Exercise data:

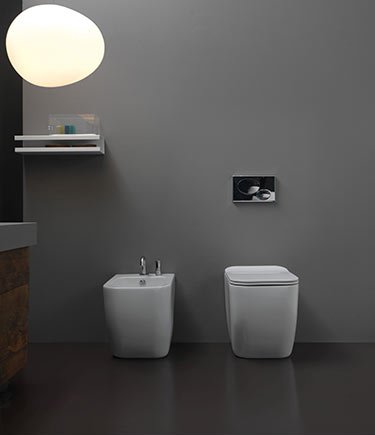 Open Life Designer Back to Wall Toilet (10F)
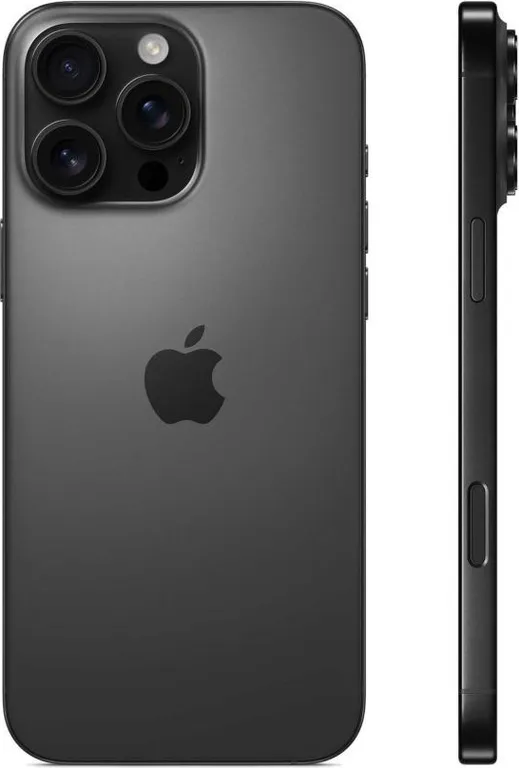 Смартфон Apple iPhone 16 Pro 128 ГБ (nano-SIM + nano-SIM), черный титан
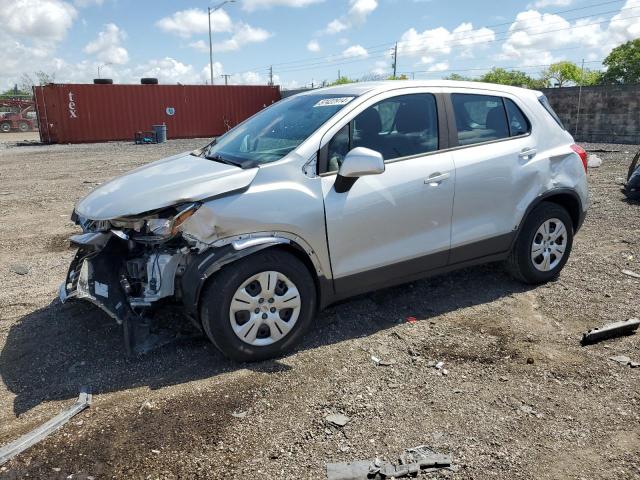  Salvage Chevrolet Trax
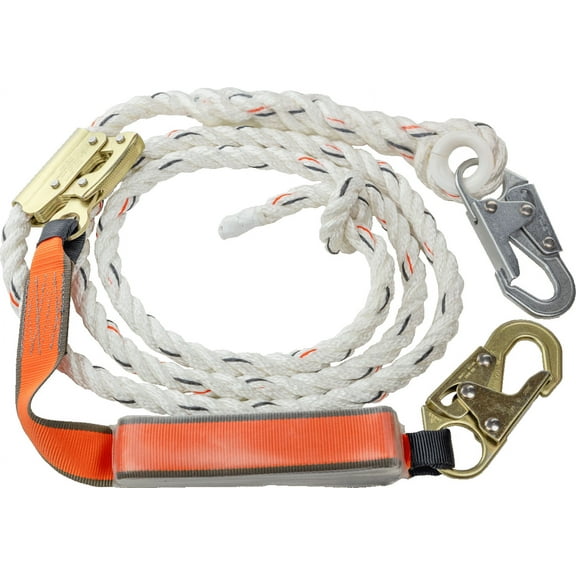 Vertical Lifeline Assembly Rope Size: 25'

Work instructions:
"Смартфон Apple iPhone" marks the first line to copy; copy that line and every line after it through the last line of the listing, exactly and without pictures.

Task response:
 Смартфон Apple iPhone 16 Pro 128 ГБ (nano-SIM + nano-SIM), черный титан
  Salvage Chevrolet Trax
 Vertical Lifeline Assembly Rope Size: 25'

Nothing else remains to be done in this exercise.